[[ Data in this exercise open ]]

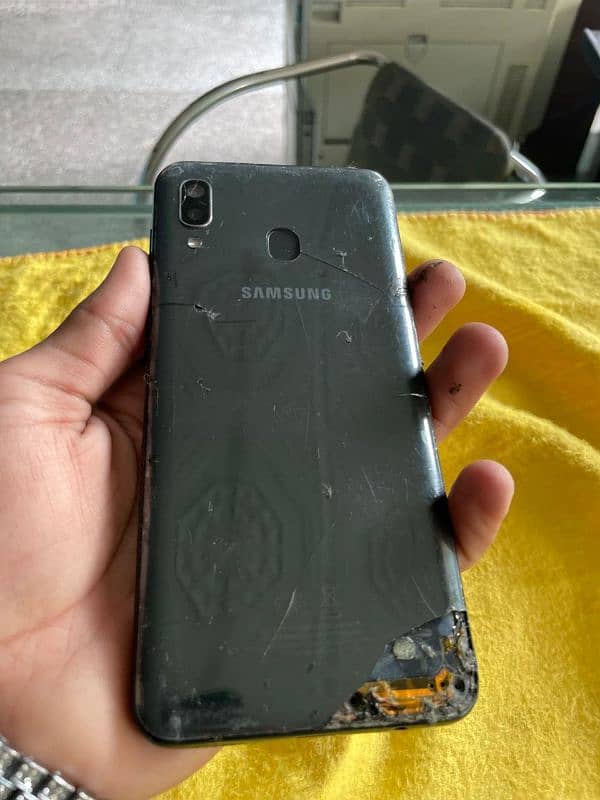 phone ka panel kharb ha Baki sab thik 8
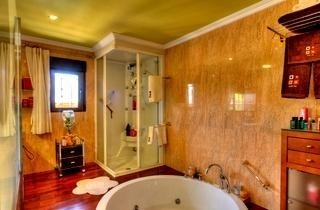 Villa&nbsp;with&nbsp;4&nbsp;bedroom&nbsp;in&nbsp;town&nbsp;163984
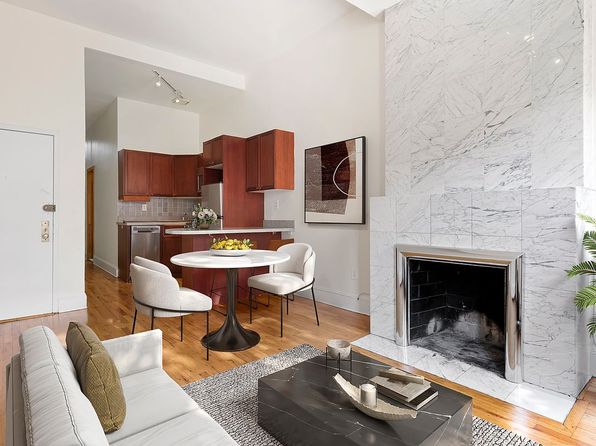 394 15th St #3R, Brooklyn, NY 11215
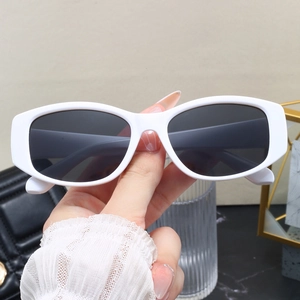 Retro Oval Sunglasses Wide Frame UV400 Protection Plastic Eyewear For Women Men Y2K Style Trendy Vintage Fashion Shades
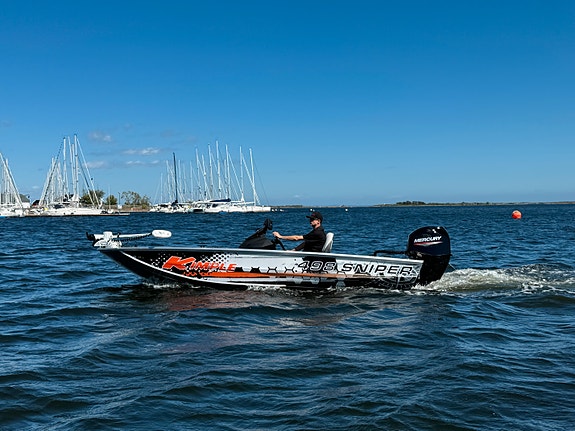 Finn din forhandler - Kimple 498 Sniper Bass Pro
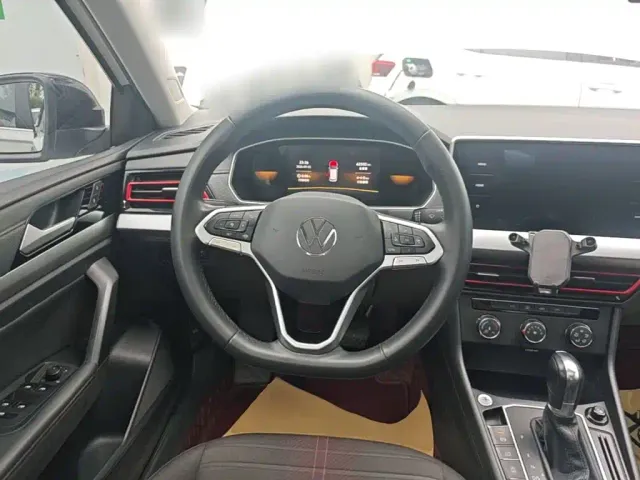 Volkswagen Lavida — Фото автомобиля 10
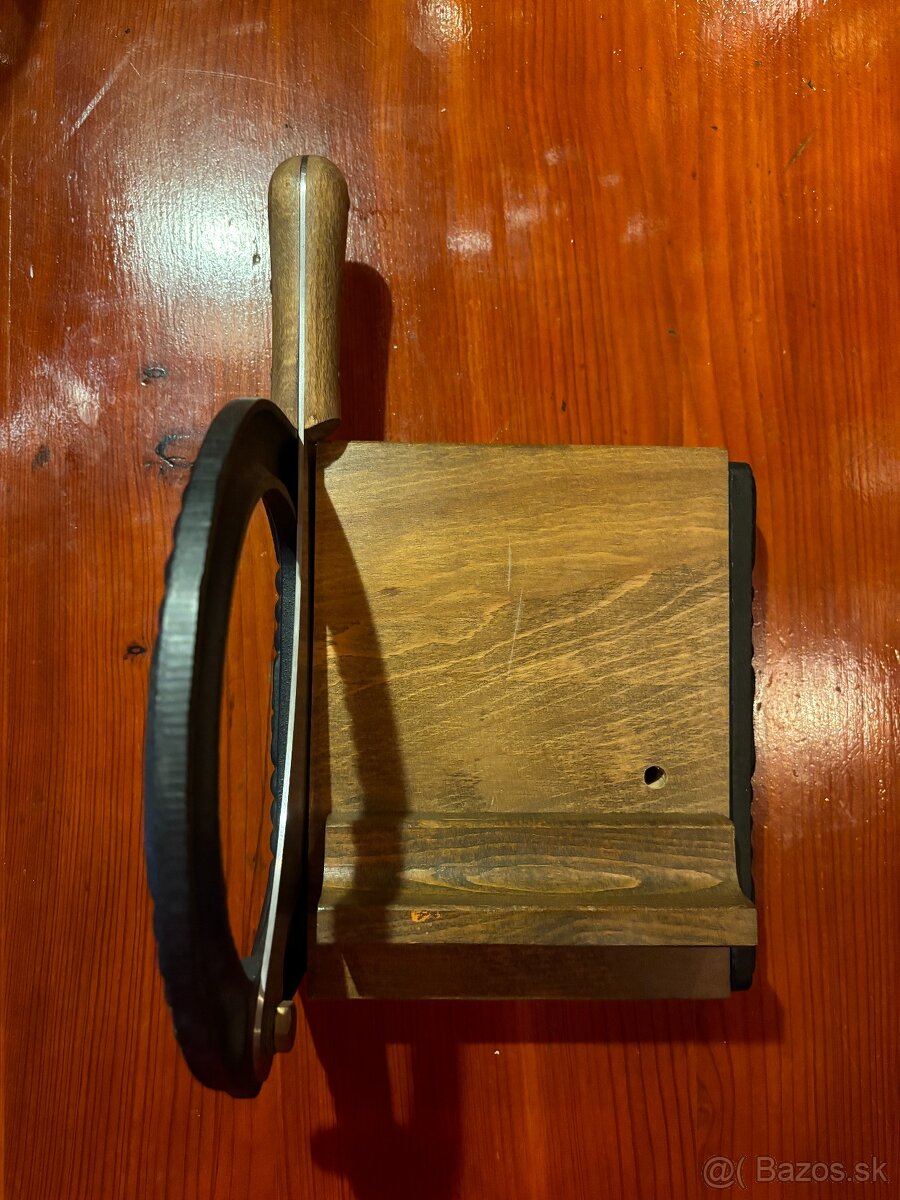 Retro krájač na chlieb - 2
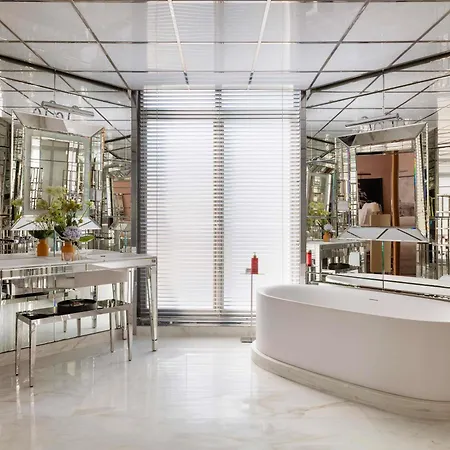 Hôtel Le Royal Monceau Raffles Paris-2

[[ Data in this exercise closed ]]

Copy exactly, leaving out pictures, the lines from the line containing "Retro krájač na chlieb - 2" through the last line of the records.

Answer box
 Retro krájač na chlieb - 2
 Hôtel Le Royal Monceau Raffles Paris-2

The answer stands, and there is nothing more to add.